Ganz so heiter, wie das vielleicht klingen mag, ist die Geschichte nicht. Sie sprüht zwar vor Sarkasmus und Wortwitz, was den überaus fein gezeichneten Charakteren geschuldet ist, aber die Grundprämisse ist doch eher düster und dementsprechend entwickelt sich die Geschichte auch. Wir steigen in die Geschichte ein, als der älteste Sohn beschuldigt wird, zahlreiche unverzeihliche Schimpfwörter geschrieben zu haben, was seine Tauglichkeit für die bevorstehende Bar Mizwa in Frage stellt.

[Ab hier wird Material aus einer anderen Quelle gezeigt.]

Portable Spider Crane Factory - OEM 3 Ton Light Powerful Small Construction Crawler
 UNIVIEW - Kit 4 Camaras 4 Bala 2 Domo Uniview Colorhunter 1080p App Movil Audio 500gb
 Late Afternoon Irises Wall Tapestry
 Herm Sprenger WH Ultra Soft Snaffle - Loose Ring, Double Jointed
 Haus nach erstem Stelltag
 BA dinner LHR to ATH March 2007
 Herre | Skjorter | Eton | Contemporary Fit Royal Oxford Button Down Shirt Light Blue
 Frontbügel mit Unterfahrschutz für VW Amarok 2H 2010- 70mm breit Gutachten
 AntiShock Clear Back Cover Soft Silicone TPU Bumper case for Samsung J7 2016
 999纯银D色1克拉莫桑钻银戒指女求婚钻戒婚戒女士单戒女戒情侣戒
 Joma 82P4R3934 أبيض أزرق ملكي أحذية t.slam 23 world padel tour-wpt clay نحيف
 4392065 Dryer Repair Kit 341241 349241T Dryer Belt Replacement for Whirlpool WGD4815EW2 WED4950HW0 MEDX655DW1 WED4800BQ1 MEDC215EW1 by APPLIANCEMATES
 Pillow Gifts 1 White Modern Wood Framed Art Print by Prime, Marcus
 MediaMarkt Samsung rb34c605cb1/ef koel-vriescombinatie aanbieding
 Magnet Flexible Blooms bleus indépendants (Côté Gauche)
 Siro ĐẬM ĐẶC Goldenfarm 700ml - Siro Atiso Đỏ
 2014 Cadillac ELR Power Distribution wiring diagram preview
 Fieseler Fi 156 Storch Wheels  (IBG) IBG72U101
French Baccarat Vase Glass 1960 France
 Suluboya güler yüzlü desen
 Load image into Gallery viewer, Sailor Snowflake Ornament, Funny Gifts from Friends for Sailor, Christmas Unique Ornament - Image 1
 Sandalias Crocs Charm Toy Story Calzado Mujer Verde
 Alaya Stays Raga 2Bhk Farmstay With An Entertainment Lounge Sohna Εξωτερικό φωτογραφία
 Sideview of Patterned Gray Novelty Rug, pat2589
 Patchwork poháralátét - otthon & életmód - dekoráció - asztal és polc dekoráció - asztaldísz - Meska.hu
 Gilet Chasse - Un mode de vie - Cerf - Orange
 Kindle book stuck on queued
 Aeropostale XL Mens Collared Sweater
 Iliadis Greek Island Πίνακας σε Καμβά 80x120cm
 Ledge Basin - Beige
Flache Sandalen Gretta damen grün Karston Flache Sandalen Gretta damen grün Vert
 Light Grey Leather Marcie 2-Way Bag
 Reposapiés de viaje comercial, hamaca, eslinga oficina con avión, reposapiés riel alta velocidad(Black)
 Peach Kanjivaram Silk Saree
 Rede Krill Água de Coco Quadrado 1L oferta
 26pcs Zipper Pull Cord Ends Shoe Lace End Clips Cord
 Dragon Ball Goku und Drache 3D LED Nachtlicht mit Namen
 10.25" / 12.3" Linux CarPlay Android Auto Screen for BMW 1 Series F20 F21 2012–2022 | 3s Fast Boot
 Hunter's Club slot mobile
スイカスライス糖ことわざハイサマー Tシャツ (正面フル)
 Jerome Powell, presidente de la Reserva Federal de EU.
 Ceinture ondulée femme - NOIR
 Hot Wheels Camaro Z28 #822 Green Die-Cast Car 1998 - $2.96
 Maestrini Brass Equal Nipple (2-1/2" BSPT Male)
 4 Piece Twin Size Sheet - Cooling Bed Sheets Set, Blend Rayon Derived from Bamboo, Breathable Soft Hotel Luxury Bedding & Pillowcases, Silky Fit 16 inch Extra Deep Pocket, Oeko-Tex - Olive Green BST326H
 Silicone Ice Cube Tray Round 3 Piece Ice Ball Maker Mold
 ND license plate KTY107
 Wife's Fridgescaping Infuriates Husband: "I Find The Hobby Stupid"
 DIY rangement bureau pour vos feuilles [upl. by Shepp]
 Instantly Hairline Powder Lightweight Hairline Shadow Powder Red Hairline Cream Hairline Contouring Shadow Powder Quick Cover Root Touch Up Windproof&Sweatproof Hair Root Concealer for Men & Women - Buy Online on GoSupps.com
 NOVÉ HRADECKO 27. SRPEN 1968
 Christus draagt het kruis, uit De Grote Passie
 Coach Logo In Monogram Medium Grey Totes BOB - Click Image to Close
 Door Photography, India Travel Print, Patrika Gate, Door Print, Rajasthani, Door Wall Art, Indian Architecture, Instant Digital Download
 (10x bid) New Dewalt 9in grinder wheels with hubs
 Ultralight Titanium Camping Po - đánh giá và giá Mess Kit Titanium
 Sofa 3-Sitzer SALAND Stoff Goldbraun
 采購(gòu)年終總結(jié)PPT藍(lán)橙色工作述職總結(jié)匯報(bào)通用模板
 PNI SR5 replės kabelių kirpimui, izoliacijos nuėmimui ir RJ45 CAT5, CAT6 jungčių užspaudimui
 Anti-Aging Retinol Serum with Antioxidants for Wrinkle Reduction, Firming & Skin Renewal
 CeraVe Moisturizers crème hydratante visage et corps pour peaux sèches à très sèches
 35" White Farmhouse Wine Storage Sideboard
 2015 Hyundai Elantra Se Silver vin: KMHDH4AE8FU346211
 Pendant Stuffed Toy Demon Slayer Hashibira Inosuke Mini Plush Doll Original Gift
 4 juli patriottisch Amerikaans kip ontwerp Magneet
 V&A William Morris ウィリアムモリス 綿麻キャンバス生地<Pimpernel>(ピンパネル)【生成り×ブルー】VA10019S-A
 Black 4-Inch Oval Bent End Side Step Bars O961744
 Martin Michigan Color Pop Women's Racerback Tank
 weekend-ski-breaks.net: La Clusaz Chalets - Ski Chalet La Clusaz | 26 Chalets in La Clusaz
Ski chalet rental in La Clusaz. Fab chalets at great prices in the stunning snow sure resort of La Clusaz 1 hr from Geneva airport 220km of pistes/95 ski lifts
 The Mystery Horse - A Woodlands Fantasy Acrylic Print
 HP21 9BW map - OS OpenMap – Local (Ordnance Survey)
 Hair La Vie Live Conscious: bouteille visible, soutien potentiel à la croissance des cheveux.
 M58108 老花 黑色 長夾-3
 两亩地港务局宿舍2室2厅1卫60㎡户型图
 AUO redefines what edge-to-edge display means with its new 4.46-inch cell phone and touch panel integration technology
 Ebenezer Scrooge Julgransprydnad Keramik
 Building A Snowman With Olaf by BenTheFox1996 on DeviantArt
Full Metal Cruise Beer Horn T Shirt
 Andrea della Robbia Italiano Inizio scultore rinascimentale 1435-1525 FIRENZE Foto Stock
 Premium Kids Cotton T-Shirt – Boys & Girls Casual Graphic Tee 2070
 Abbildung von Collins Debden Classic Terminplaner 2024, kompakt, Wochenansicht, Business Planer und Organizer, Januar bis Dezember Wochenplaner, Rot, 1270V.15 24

Um diese Bar Mizwa dreht sich die ganze Geschichte, sie ist der Fokus, von dem anfänglich alle Charaktere angezogen oder abgestoßen werden. Zwischen Tradition, Hassliebe, Identitätskrise, Pflicht, Zugehörigkeit, Einsamkeit und Zwängen finden wir hier sämtliche Ausprägungen. Ein sehr großer Streitpunkt zwischen zwei Charakteren bildet hier auch die Frage, ob sich Juden auf ihrer Opferrolle ausruhen oder sie zurecht als das gebrandmarkte Volk angesehen wurden und immer noch werden (wichtig zu wissen ist, dass der Autor selbst Jude ist und das ein zentrales Thema in seinen Werken ist).

Die Charaktere selber wirken wie aus dem Leben entsprungen, so besonders, nah und echt hat der Autor sie gezeichnet. Anhand der zahlreichen wirklich fesselnden und spritzigen Dialoge kann man alle Charaktere voneinander unterscheiden, da der Autor jedem eine Seele eingehaucht hat. Jeder Charakter ist auf seine ganz eigene Art und Weise klug und besonders und bietet sehr viel Reibungspunkte. Also in dieser Geschichte empfand ich es nicht so, als dass mir eine Familie präsentiert wurde, die ich in mein Herz geschlossen und lieben gelernt habe, sondern dass eine Familie gezeigt wurde, die sich teilweise total daneben benimmt und nicht nachvollziehbare Dinge tut, aber genau so ist das Leben. In seiner Rolle (vermeintlich) zu versagen oder ratlos dem Leben entgegenblicken sind sehr menschliche und vom Autor zwar realistisch, aber irgendwie auch hoffnungsvoll, geschilderte Dinge.

Was die Geschichte ebenfalls sehr großartig macht (neben der Tatsache, dass sie wirklich bildend ist), ist die Entwicklung der Handlung. Ich habe dem Finale entgegengefiebert, wurde zahlreiche Male verblüfft, geschockt und auf die Folter gespannt. Dass der Autor ein Händchen für meisterhafte Geschichte hat, hat er schon vorher bewiesen. Dass er diese Spannung aber auch über eine hohe Seitenzahl halten kann, ist eine grandiose Leistung!

Fazit

11 Jahre nach Erscheinen seines letzten Buch hat Jonathan Safran Foer uns wieder mit einer neuen meisterhaften Geschichte beehrt, die so viel Klugheit und Charme versprüht, dass man sie wieder und wieder erleben will. Ein echtes Highlight!